Activity:
All of the data that follows should be given again exactly, without its images.

Stored data:
▽

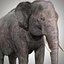 Aparejo de elefante asiático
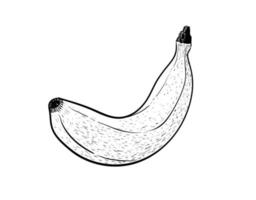 Banana fruit black line drawing on a white background. vector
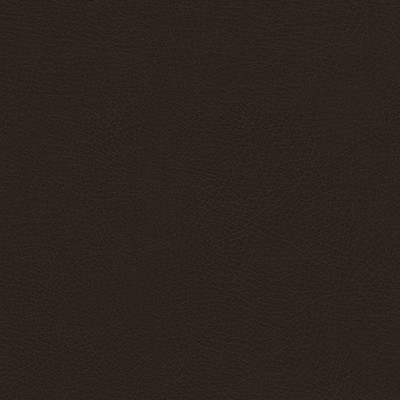 Maxwell Fabrics RUGGED-NJ # 504 TEA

△

Finished exercise:
 Aparejo de elefante asiático
 Banana fruit black line drawing on a white background. vector
 Maxwell Fabrics RUGGED-NJ # 504 TEA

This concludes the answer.